# Problem applying a patch for vmm.ko



## Emrion (Feb 27, 2019)

I try to apply to a 12.0-RELEASE this patch. This is related to these threads:









						Bhyve crashes system during PCI passthrough
					

When I try to pass WiFi PCI device rtl8723be, the OS crashes and reboots. The guest boots normally when passthru is removed.  # bhyve -S -c 2 -m 1G -w -H \ -s 0,hostbridge -s 3,ahci-cd,/linux.iso \ -s 29,fbuf,tcp=0.0.0.0:5900,w=800,h=600,wait \ -s 30,xhci,tablet -s 31,lpc -l com1,stdio \ -s...




					forums.freebsd.org
				











						Bhyve crashes system during PCI passthrough
					

When I try to pass WiFi PCI device rtl8723be, the OS crashes and reboots. The guest boots normally when passthru is removed.  # bhyve -S -c 2 -m 1G -w -H \ -s 0,hostbridge -s 3,ahci-cd,/linux.iso \ -s 29,fbuf,tcp=0.0.0.0:5900,w=800,h=600,wait \ -s 30,xhci,tablet -s 31,lpc -l com1,stdio \ -s...




					forums.freebsd.org
				




So I apply the patch for /usr/src/sys/amd64/vmm/intel/vtd.c. Then I compile & install with `make && make install`. So far, so good.

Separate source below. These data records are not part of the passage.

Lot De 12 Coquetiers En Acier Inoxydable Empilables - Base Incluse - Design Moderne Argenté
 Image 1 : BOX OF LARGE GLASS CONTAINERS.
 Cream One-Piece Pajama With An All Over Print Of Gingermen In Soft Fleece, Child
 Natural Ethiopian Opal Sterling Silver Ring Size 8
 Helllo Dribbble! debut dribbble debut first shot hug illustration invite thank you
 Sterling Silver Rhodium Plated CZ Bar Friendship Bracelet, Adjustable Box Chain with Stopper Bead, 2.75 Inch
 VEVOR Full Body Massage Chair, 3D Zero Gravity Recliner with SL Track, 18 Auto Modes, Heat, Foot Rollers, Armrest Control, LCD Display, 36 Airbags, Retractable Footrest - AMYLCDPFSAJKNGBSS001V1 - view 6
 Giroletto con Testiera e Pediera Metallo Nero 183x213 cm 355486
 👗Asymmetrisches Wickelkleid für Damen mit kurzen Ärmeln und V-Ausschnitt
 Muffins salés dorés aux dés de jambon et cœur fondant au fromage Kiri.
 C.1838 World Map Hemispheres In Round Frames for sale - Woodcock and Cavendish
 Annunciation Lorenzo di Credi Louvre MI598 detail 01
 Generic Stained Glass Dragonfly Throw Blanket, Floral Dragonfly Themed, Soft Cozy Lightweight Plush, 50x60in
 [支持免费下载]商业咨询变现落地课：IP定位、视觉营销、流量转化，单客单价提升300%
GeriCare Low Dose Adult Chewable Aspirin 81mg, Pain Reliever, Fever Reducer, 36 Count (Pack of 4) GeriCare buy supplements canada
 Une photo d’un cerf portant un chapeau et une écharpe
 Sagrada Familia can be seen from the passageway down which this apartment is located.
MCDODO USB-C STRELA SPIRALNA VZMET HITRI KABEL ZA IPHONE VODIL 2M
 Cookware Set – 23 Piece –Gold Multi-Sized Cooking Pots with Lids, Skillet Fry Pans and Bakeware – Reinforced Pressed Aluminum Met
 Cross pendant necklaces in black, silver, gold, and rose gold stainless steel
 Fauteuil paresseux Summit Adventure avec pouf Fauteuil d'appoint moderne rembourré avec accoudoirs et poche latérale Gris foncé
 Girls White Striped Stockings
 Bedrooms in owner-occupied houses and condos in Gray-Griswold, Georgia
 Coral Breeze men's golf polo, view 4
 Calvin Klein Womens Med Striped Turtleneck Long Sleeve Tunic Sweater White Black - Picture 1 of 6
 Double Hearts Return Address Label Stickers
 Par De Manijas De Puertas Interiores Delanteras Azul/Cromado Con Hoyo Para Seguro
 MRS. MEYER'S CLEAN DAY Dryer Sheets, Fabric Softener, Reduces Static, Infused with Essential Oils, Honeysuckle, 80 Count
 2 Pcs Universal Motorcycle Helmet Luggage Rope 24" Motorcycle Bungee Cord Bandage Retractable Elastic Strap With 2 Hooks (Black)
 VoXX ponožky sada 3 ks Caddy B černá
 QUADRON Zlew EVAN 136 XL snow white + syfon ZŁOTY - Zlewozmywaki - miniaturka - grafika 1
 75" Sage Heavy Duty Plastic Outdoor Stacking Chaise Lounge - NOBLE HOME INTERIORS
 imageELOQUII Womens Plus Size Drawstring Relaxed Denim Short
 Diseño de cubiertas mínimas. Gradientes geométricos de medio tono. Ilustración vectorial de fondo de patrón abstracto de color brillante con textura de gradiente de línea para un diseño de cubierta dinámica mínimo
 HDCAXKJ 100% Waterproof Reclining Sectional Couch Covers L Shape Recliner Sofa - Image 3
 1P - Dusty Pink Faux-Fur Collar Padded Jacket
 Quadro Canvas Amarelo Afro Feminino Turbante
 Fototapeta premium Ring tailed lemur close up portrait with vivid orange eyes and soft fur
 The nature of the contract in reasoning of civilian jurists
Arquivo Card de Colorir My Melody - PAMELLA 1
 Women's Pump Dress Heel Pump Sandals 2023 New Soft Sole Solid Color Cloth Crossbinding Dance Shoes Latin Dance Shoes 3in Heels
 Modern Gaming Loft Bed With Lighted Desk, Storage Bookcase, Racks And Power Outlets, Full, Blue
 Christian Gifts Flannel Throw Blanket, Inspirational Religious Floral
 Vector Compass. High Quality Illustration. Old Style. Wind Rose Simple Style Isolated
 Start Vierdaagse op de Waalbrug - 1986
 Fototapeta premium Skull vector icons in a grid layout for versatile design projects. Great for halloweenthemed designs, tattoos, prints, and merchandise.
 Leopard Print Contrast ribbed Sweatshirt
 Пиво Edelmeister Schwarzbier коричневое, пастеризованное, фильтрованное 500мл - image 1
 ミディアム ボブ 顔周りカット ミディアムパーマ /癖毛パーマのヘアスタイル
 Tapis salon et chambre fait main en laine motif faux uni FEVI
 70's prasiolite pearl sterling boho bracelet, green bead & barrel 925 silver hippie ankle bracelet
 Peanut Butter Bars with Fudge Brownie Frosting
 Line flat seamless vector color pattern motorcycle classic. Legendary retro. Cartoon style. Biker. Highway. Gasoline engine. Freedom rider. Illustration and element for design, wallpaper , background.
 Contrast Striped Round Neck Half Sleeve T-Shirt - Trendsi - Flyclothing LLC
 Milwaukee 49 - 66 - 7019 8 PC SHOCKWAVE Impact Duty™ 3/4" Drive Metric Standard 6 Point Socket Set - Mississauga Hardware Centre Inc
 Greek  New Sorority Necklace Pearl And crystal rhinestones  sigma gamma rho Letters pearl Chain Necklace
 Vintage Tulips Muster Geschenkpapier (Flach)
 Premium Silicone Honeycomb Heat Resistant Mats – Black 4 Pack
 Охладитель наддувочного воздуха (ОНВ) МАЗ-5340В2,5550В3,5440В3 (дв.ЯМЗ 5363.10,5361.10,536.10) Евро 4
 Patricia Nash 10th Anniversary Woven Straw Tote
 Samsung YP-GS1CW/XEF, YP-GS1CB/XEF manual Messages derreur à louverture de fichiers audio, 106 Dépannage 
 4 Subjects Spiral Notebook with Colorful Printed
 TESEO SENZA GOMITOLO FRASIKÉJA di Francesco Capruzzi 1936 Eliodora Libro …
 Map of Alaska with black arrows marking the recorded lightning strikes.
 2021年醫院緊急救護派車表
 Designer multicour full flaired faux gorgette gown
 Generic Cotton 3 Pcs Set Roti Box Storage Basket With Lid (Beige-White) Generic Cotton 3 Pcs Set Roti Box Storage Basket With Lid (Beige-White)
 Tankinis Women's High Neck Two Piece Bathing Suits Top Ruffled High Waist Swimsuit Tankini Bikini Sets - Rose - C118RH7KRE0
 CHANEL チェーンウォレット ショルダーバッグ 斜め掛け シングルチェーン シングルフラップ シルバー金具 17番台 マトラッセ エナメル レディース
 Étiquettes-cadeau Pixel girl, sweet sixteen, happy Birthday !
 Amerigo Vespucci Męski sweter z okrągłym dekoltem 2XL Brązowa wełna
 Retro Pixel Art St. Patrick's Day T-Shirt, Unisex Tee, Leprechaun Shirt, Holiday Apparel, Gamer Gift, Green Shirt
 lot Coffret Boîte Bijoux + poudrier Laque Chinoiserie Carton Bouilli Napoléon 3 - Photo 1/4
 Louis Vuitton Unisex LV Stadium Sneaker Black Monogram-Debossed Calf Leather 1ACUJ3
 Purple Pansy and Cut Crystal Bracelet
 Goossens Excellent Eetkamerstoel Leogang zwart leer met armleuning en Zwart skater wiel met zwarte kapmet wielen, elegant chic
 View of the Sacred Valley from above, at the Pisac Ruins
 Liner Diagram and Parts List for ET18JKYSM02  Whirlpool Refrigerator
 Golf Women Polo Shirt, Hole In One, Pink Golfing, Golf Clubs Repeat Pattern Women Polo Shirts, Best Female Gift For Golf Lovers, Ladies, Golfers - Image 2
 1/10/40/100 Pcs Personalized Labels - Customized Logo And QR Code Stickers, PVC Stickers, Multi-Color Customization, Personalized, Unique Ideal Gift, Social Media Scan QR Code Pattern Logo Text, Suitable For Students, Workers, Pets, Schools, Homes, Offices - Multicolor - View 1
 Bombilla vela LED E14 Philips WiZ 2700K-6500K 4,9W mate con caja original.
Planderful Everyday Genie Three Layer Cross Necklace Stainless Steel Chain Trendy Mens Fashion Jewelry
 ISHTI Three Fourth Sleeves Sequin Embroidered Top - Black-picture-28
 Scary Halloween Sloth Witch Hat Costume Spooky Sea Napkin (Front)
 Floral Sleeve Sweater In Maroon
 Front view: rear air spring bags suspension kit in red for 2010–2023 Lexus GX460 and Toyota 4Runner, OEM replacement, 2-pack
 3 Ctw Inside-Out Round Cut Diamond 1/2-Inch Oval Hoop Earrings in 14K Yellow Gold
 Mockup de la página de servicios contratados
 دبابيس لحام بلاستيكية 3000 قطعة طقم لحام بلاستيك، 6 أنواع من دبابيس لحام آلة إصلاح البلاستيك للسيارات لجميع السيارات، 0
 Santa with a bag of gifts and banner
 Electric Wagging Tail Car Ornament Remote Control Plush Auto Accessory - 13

First thing: the new vmm.ko is installed in /boot/modules/ not in /boot/kernel/ where lies its predecessor. Second thing: the size of the modules are very different for a so small patch:
Old vmm.ko:  416328 bytes.
New vmm.ko: 345384 bytes.

Last thing: I copied new vmm.ko in /boot/kernel, then I rebooted but the behaviour of bhyve remains inchanged: try to passthru a network card and get crash of the whole system a few time after the VM has started (with the same messages as reported in the  aforementioned threads).

Where is/are my mistake(s)?


----------



## Emrion (Feb 28, 2019)

As I suspected, to make things correctly, the entire kernel has to be compiled. Seems that it lacks an operation on certain kernel modules if you compile them separatly.

Alas, it didn't solve my problem and I realised that the road is long before to achieve my goal (run pfsense in bhyve).


----------